I am a visual learner- so instructions portrayed by cartoon-like pictures are pretty easy for me to interpret. I would much rather see a diagram than read written instructions.

My tips for successful assembly of IKEA furniture:

1. Carefully separate all pieces, including screws/dowels/etc. & make sure you can tell the difference between each size item.

I use the top of the cardboard box to separate all of the small assembly pieces.

2. Accept help. While FH lacks the patience to carefully follow each step of the assembly, when it comes to lifting/flipping furniture pieces or screwing in the 100th screw when my hand is getting tired… occasionally I need to *ask for* help. When assembly IKEA furniture I assume a very independent, GIRL POWER mentality that often makes it difficult to remember this tip.

3. Your dog probably cannot help you very much, so enlist your partner/buddy to entertain said dog.

Or, your construction zone may look something like this:

3. Take your time & resist the urge to throw things. Sometimes, the pictures just don’t make sense. Or you built the entire thing & then realized one tiny piece was backwards. It happens to the best of us IKEA furniture builders. Take a break, eat a snack (Doritos for me), and before you know it, you’ll be done & proud.

My two pieces took about 3 hours total to assemble. It was a bit tedious, but we are very happy with the results:

Done!

Both carts have wheels, and the smaller one on the left has an extension. Putting the microwave (yes, it is a different, smaller microwave) on the shelf leaves lots of counter space, and our important every day dishes still fit on the one bottom shelf. (We purged a few extra items & relocated some bigger pieces to a cabinet in our back hallway). I will probably not store anything too heavy or breakable on the small cart, as I plan to move it towards the sink/stove/kitchen counter when in need of extra cooking space.

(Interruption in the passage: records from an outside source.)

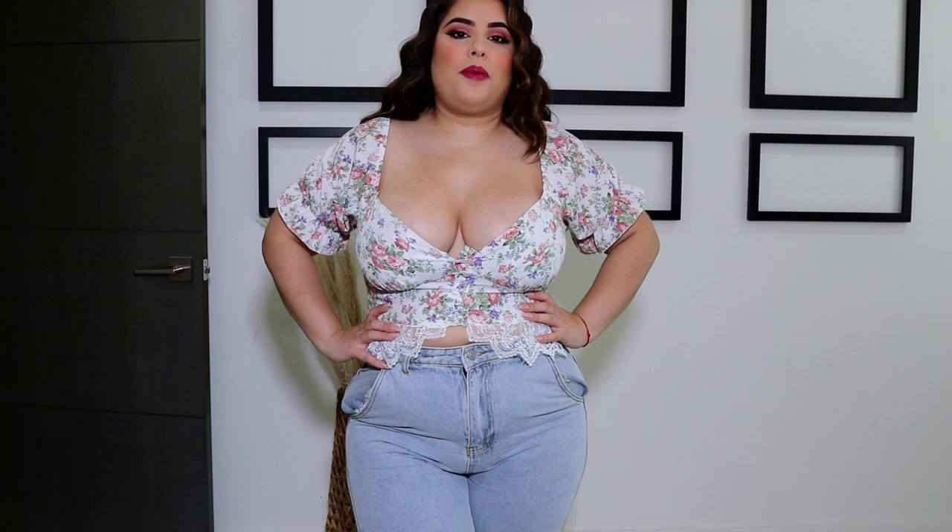I'm going to go in the order of tops, dresses, and then some outfits that I put together. So let's start off with the top that I am wearing. This is from Shein — I picked this up in a size extra large and it is a beautiful kind of flowery printed top.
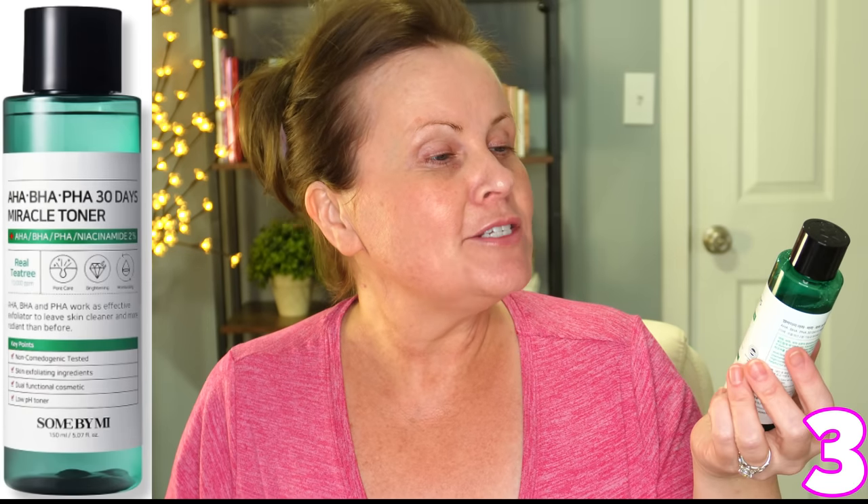Next I go in with a chemical exfoliation — the AHA, BHA, PHA 30 Day Miracle Toner from Some By Me. I don't use cotton rounds; I just pour it into my hand, pat my hands together, and spread it across my face. I'm using glycolic acid in the morning and I wait five to ten minutes before the rest of my skincare to let that acid calm down, because I also use vitamin C in the morning. I wouldn't recommend doing both unless your skin is used to it. I'd suggest pushing glycolic and any acids to the evening, two times a week, and retinol five times a week so the actives don't overload your skin.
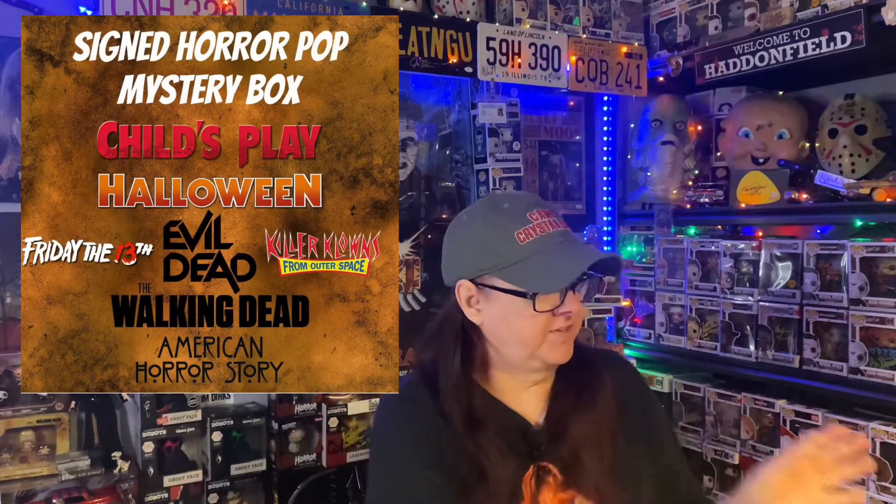Hello everyone and welcome back to the channel. Today I have a mystery box from the Nerdy Newt — it's a $100 mystery box containing an autographed horror pop. Who is it? I don't know. The box feels light, but I don't know if they put anything in a hard stack.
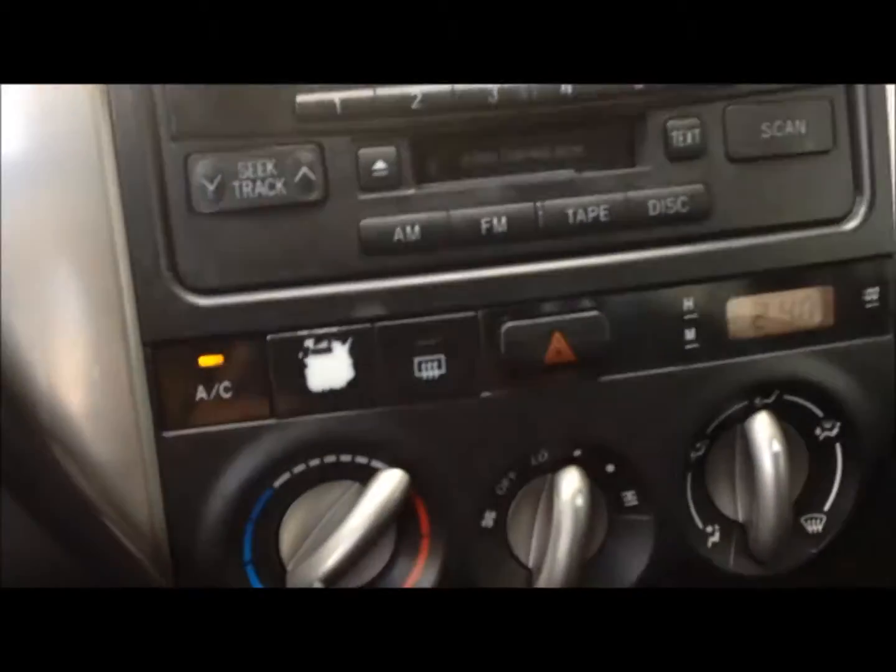It's a dark gray interior in here, it's all cloth, power door locks and windows. It's kind of close here, I'm going to turn it on for you. Radio system here, it's a CD player.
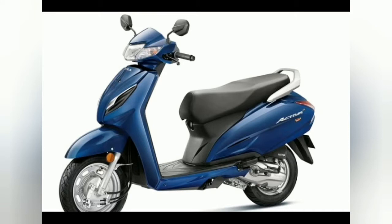Honda Activa 6G has been launched in India, and it seems that the two-wheeler maker has left no stone unturned to preserve the popular scooter's position as the market leader. The new Activa 6G comes with several fresh features, making it not only better than its predecessor but also a much more attractive package.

The best part about our new furniture is we that have created a separate working space in the kitchen. I can juice/blend/etc. over by the sink in the morning, and FH can make a bowl of cereal or pack a lunch on the cart next to the fridge. We hope to have significantly less elbow-bumping, frustrating mornings from now on.

I updated the chalkboard calendar...finally.

I love the nice bright white w/ the wood counter top.

I put the new rolling cart to use while preparing dinner last night. It served as a great place to lay out my ingredients.

Ingredients for a new Stuffed Peppers recipe

 

I often cook from recipes I find online (more now, thanks to Pinterest!), so I use my iPad propped up on a plate stand.

Works like a charm!

Dinner was absolutely delicious Turkey Stuffed Peppers from Skinny Taste.

This delicious, healthy, take on traditional stuffed peppers uses lean chopped turkey & fat free chicken broth for an amazingly flavorful stuffed pepper at 184 calories for one half-pepper.

Mine turned out SO great- FH loved them & I was super proud!

Delicious! I put a salad of mixed greens, feta cheese & craisins w/ balsamic vinaigrette dressing on the side. YUM!

Find the recipe at Skinnytaste.com & make them for yourself!